Humala toma la Consulta Previa como emblema de su campaña en las zonas más rurales del país, tras la muerte de 33 personas en el "Baguazo", conflicto que se dio precisamente para pedir un proceso de consulta a las comunidades que se vieron afectadas por dos decretos ambientales, firmados por el entonces presidente, Alan García, que no solamente desoyó las demandas de los pueblos afectados, sino que las despreció diciendo que los nativos "no son ciudadanos de primera clase" hasta llegar a reprimir las protestas en uno de los episodios más violentos que se recuerdan en los últimos años.
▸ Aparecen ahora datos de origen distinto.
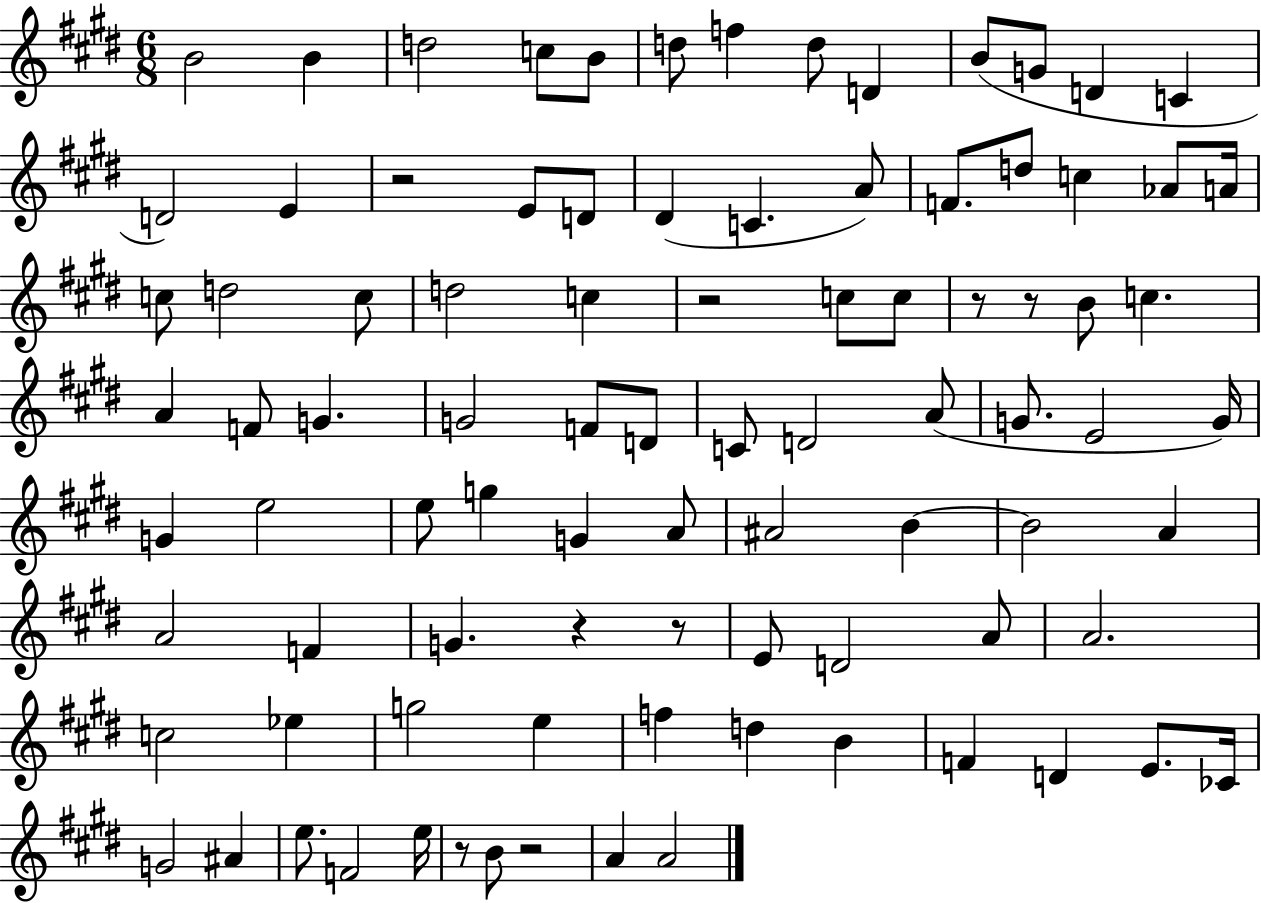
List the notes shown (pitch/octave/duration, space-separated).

Sin embargo, tanto la implementación de la ley como el desarrollo de los procesos de consulta –27 entre los culminados y los que están en curso– y la integración del sujeto indígena como sujeto político activo en la agenda nacional no se han dado por el camino que se esperaba. Hablamos con Patricia Balbuena, ex viceministra de Interculturalidad, y Vanessa Schaeffer, abogada ambientalista de Cooperacción, una de las organizaciones más activas en la defensa de los derechos colectivos.

¿Quién es indígena?

Es llamativo recorrer algunos pueblos andinos en el sur peruano y preguntar a los pobladores si se consideran indígenas. Se obtienen respuestas de todo tipo: sonrisas, silencios, expresiones como: “No, nosotros sólo trabajamos en el campo”, “somos campesinos”, “no sé, ¿qué es un indígena?”.
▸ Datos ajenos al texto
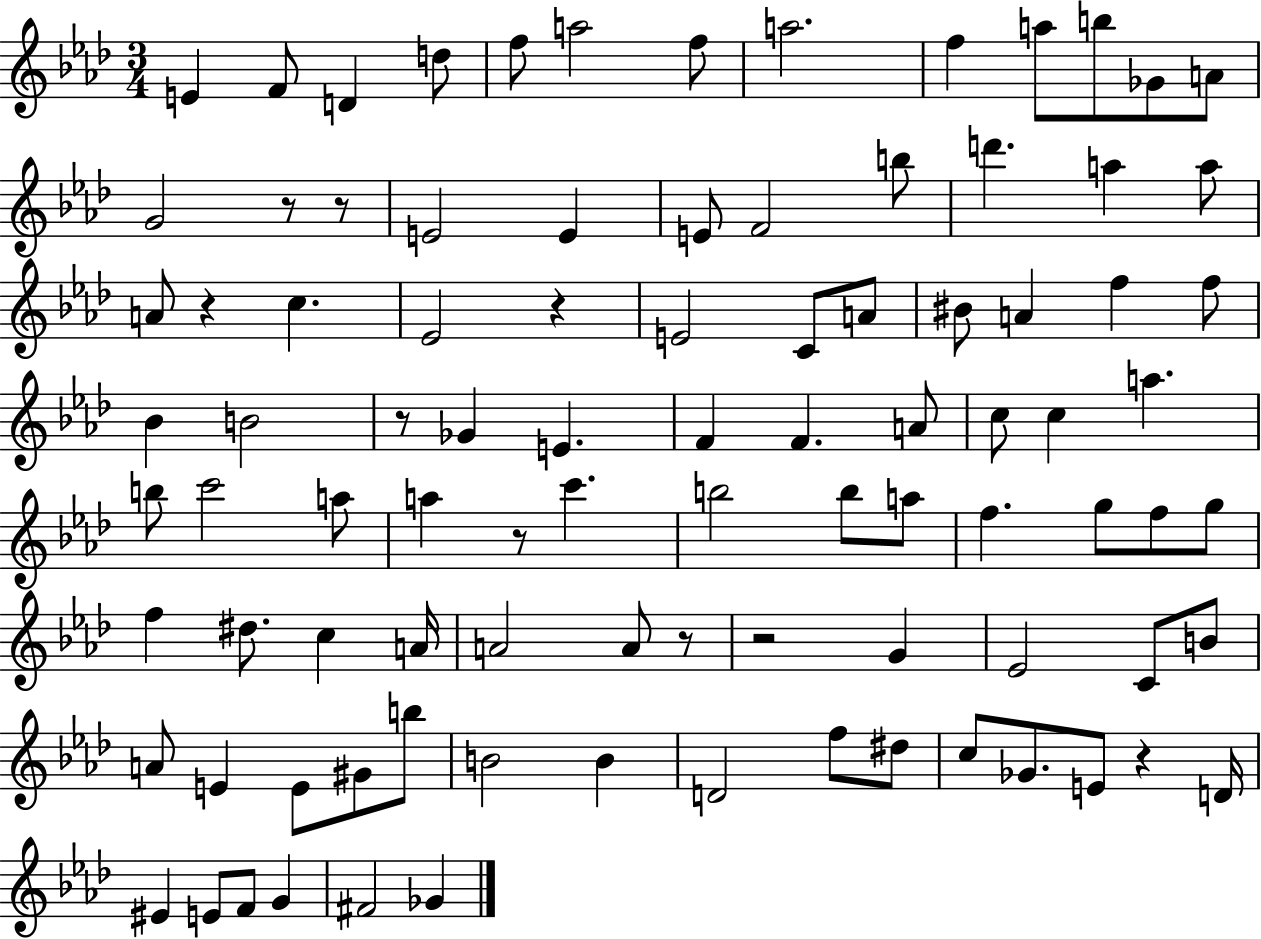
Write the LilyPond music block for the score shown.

{
  \clef treble
  \numericTimeSignature
  \time 3/4
  \key aes \major
  \repeat volta 2 { e'4 f'8 d'4 d''8 | f''8 a''2 f''8 | a''2. | f''4 a''8 b''8 ges'8 a'8 | \break g'2 r8 r8 | e'2 e'4 | e'8 f'2 b''8 | d'''4. a''4 a''8 | \break a'8 r4 c''4. | ees'2 r4 | e'2 c'8 a'8 | bis'8 a'4 f''4 f''8 | \break bes'4 b'2 | r8 ges'4 e'4. | f'4 f'4. a'8 | c''8 c''4 a''4. | \break b''8 c'''2 a''8 | a''4 r8 c'''4. | b''2 b''8 a''8 | f''4. g''8 f''8 g''8 | \break f''4 dis''8. c''4 a'16 | a'2 a'8 r8 | r2 g'4 | ees'2 c'8 b'8 | \break a'8 e'4 e'8 gis'8 b''8 | b'2 b'4 | d'2 f''8 dis''8 | c''8 ges'8. e'8 r4 d'16 | \break eis'4 e'8 f'8 g'4 | fis'2 ges'4 | } \bar "|."
}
Para muchos campesinos, ser indígena es una identidad nueva que le trae un funcionario de la capital que habla español y que le dice que en sus territorios se va a empezar un proyecto extractivo o de cualquier otra clase. No hay tiempo para reaccionar ni para decidir porque si no se acepta la condición de indígena, el Estado no va a negociar con esa familia ni ésta se podrá beneficiar de las supuestas mejoras y progresos que el proyecto debe traer a la zona. “El tema de la identidad en lo andino es bien complejo. En el Viceministerio caímos mucho en la lógica de avanza, avanza, protege, protege, de llegar hasta forzar la voluntad de las comunidades, y creo que nos convertimos en proteccionistas del otro. La lógica fue avasalladora pero no nos preguntamos si ese lado no era el adecuado”, afirma Patricia Balbuena.
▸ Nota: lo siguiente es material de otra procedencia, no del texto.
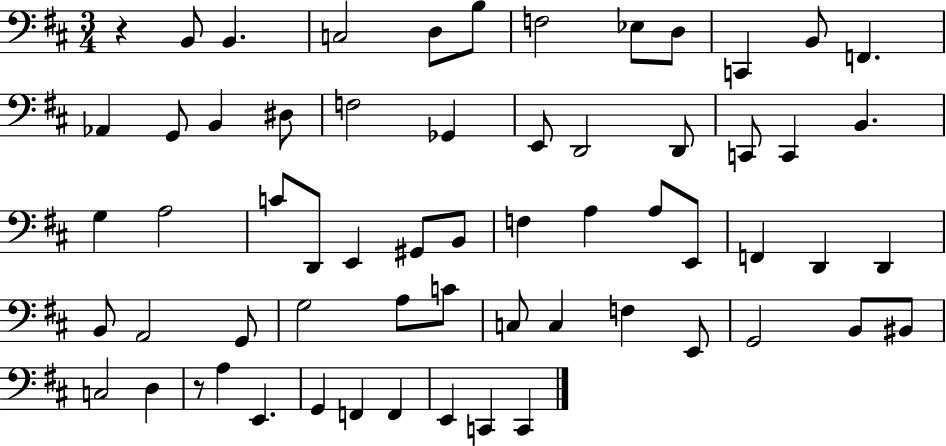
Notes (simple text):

R/q B2/e B2/q. C3/h D3/e B3/e F3/h Eb3/e D3/e C2/q B2/e F2/q. Ab2/q G2/e B2/q D#3/e F3/h Gb2/q E2/e D2/h D2/e C2/e C2/q B2/q. G3/q A3/h C4/e D2/e E2/q G#2/e B2/e F3/q A3/q A3/e E2/e F2/q D2/q D2/q B2/e A2/h G2/e G3/h A3/e C4/e C3/e C3/q F3/q E2/e G2/h B2/e BIS2/e C3/h D3/q R/e A3/q E2/q. G2/q F2/q F2/q E2/q C2/q C2/q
Esta situación contrasta drásticamente con la realidad amazónica. Muchos pueblos que bordean la gran serpiente asumen la identidad de su comunidad como motivo de orgullo y reivindicación. No es casualidad que cuando el Ministerio del Ambiente propone el Pacto de Unidad para la titulación de tierras son los pueblos amazónicos los que protagonizan los debates sobre cómo afrontar la cuestión indígena y sobre cómo reafirmarse en el Estado peruano. Balbuena me cuenta: “El movimiento indígena amazónico fue mucho más claro a diferencia que los campesinos, con su propia identidad nunca entendieron por qué tienen tanto rollo con la palabra indígena. Las dinámicas amazónicas están articuladas y organizadas en base al territorio, el río organiza el territorio, la comunidad de la cuenca tal es tal federación, etc. Tú ves discusiones, por ejemplo, entre un indígena amazónico y una organización campesina, y los amazónicos les dicen: yo no hablo contigo, yo voy a hablar contigo el día que me digas cuántas hectáreas tienes de tierra, acá hablan los pueblos que tienen territorio”.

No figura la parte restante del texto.